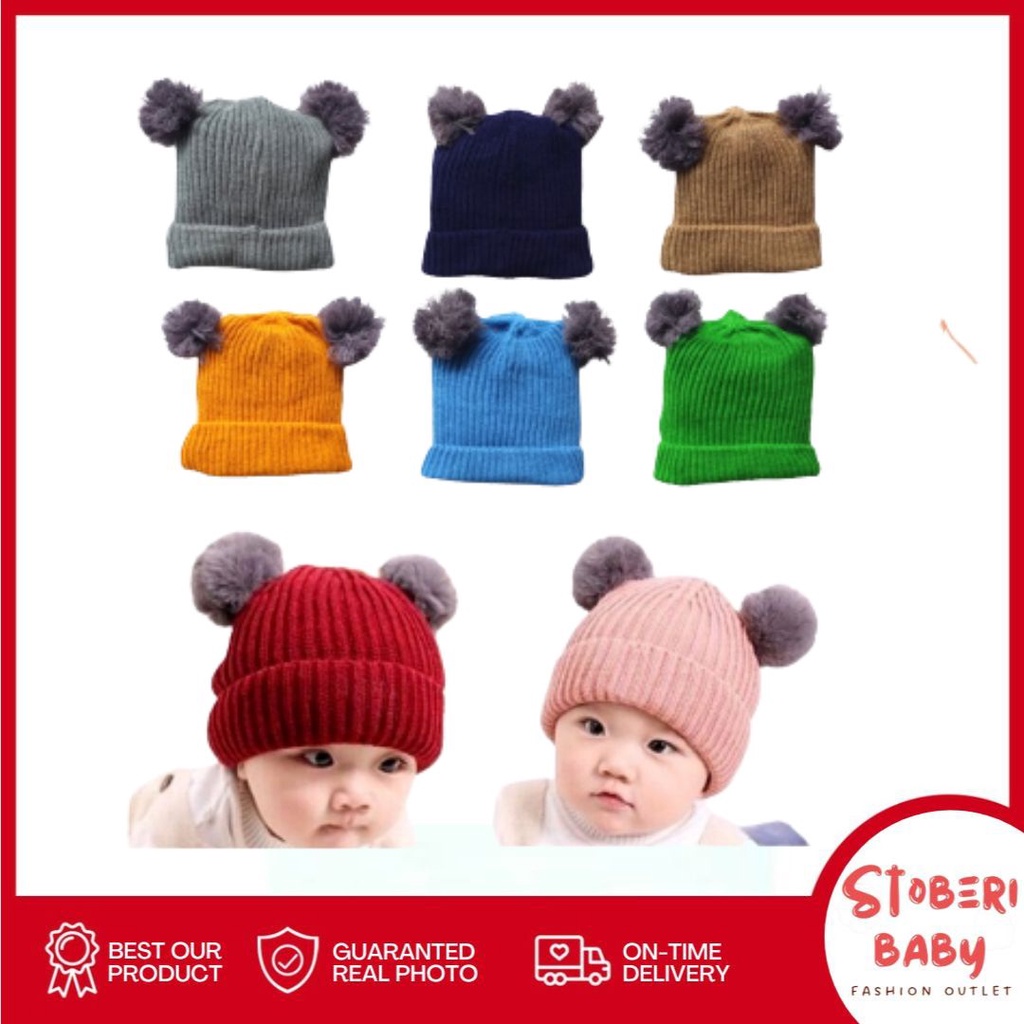 stoberi baby - KUPLUK DOUBLE POM (B) Topi Anak Lucu Model Kupluk Usia 0 Sampai 3 Tahun Kualitas Terbaik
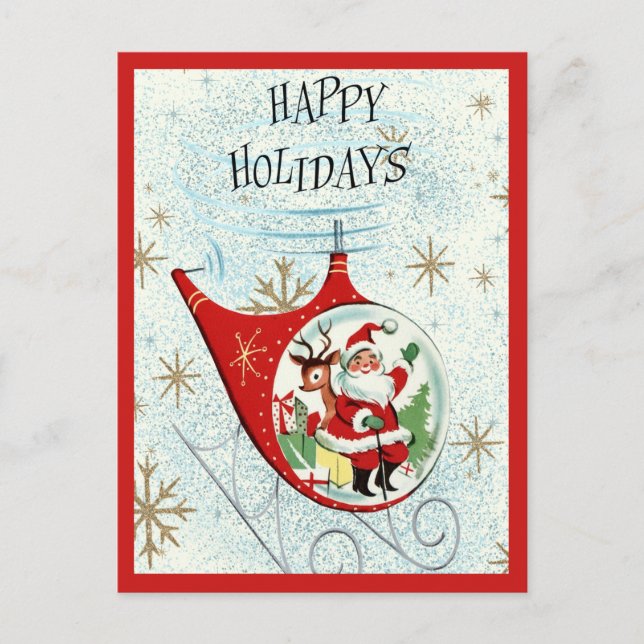 Santas Retro-Rotor-Schlitten Postkarte (Vorderseite)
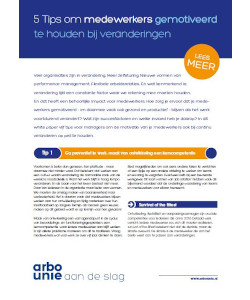Kennisbank Whitepaper 5 tips om medewerkers gemotiveerd te houden bij veranderingen 250x300px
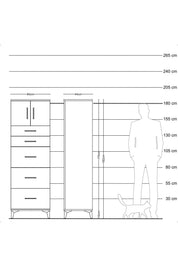 Hyperion Dolap Tek Raflı 5 Çekmeceli 2 Kapaklı 60x44x182 - S56M022V1B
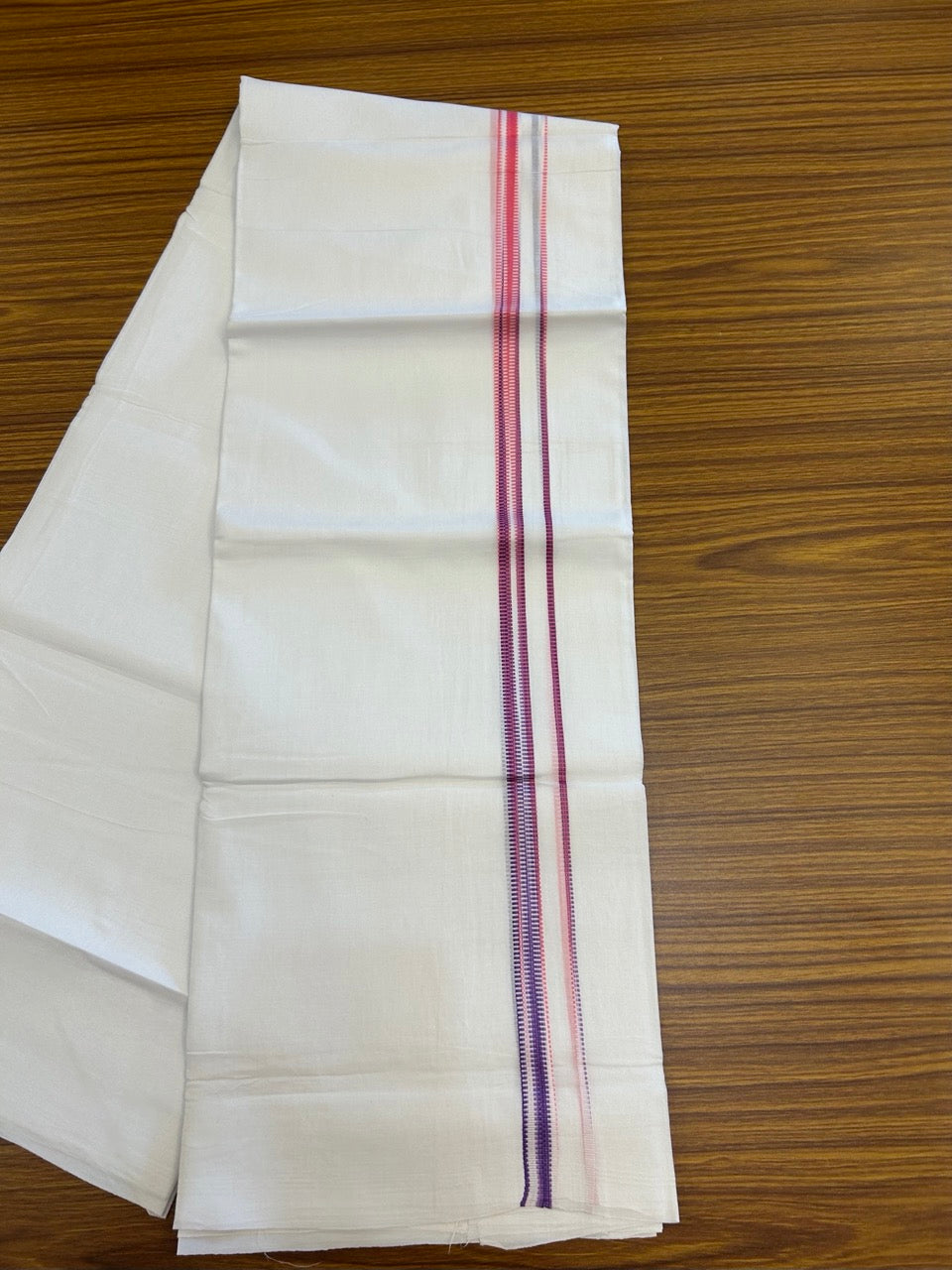 20% Discount ! Kaitharikada Balaramapuram 100% Cotton PURE WHITE Double Mundu/Dothi - 100x80 - 0.5 inch Pink & Violet Striped Kara 3.90 mtr (8 muzham) - 63 KK5294 THI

◇ ◇ ◇ ◇ ◇ ◇ ◇

Exercise brief
Repeat the data word for word. Skip the pictures.

Written response
 stoberi baby - KUPLUK DOUBLE POM (B) Topi Anak Lucu Model Kupluk Usia 0 Sampai 3 Tahun Kualitas Terbaik
 Santas Retro-Rotor-Schlitten Postkarte (Vorderseite)
Kennisbank Whitepaper 5 tips om medewerkers gemotiveerd te houden bij veranderingen 250x300px
 Hyperion Dolap Tek Raflı 5 Çekmeceli 2 Kapaklı 60x44x182 - S56M022V1B
 20% Discount ! Kaitharikada Balaramapuram 100% Cotton PURE WHITE Double Mundu/Dothi - 100x80 - 0.5 inch Pink & Violet Striped Kara 3.90 mtr (8 muzham) - 63 KK5294 THI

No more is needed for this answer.